Third, integration relies on regulatory territories to guide the flow of information. These hubs coordinate activity across your network and help you choose the right system for the job. Whether someone interprets subtle cues, learns a new skill, or chooses between careful analysis and quick intuition, these regulatory areas help manage the process.
Finally, general intelligence depends on a balance between local specialization and global integration. The brain performs best when tightly connected local clusters operate efficiently while maintaining short communication paths to distant regions. This balance supports flexible and effective problem solving.
Across both groups studied, differences in general intelligence were consistently consistent with these large-scale organizational characteristics. No single brain region or traditional “intelligence network” could explain the results.
“When cognition is coordinated, general intelligence becomes visible when many processes must work together under system-level constraints,” Barbey said.
Artificial intelligence and its impact on brain development
Its influence extends beyond the comprehension of human intelligence. By focusing on large-scale brain organization, the findings provide insight into why the mind functions as a unified system in the first place.

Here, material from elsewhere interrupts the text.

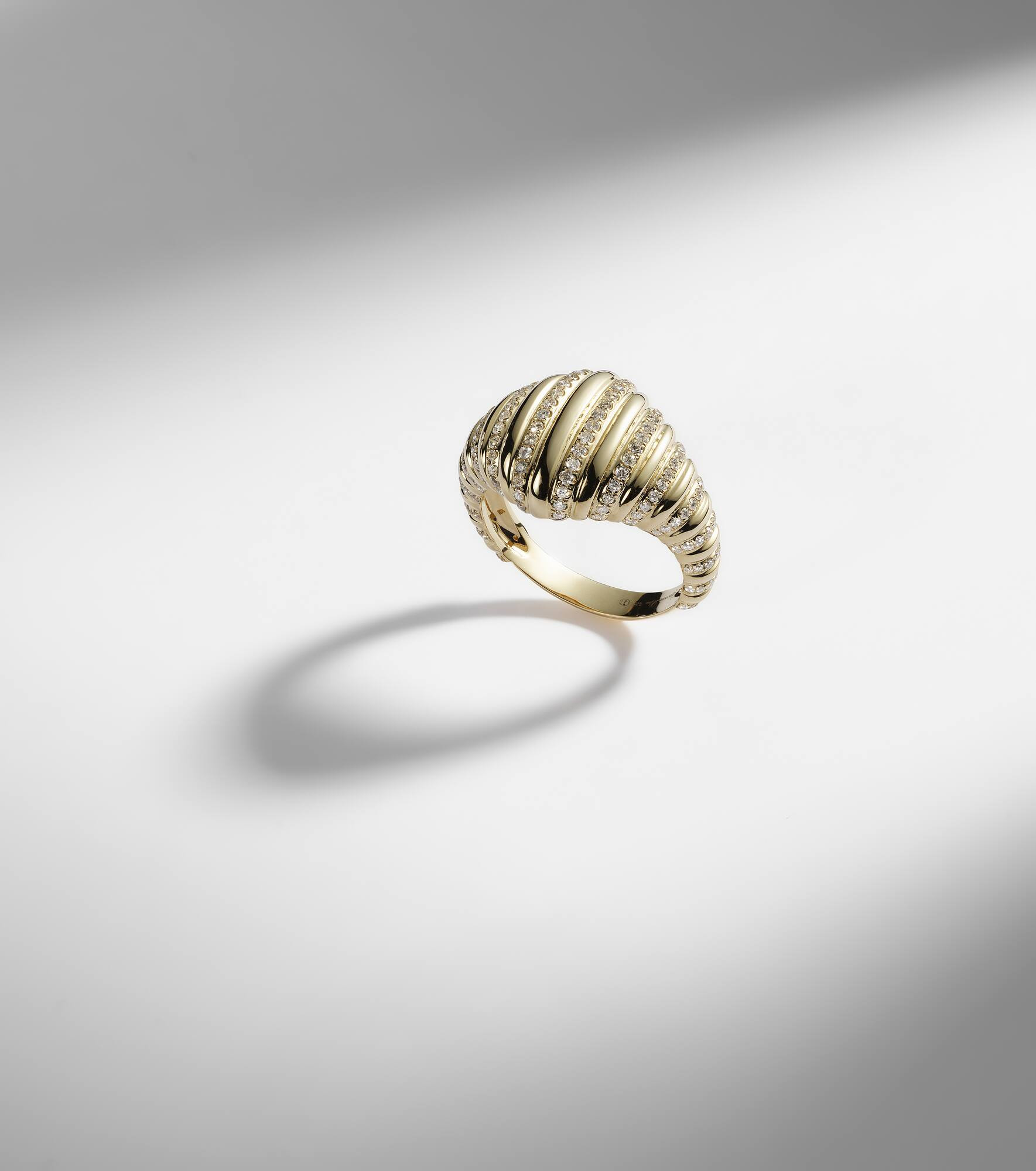 9kt gold pinky ring with diamonds - 5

This perspective may also explain why intelligence tends to increase during childhood and decline with age, making us particularly vulnerable to widespread brain damage. In each situation, what changes most is not isolated features but large-scale adjustments.
The results also contribute to the debate on artificial intelligence. If human intelligence relies on system-level organization rather than a single general-purpose mechanism, building artificial general intelligence may involve more than simply scaling up specialized tools.
“This research could prompt us to think about how we can harness the design properties of the human brain to drive advances in human-centered, biologically-inspired artificial intelligence,” Barbey said.
“Many AI systems can perform certain tasks very well, but still struggle to apply their knowledge to different situations,” Barbey said. “Human intelligence is defined by this flexibility and reflects the unique organization of the human brain.”
The study was conducted with co-authors Babak Hemmatian and Lav Varshney of Stony Brook University.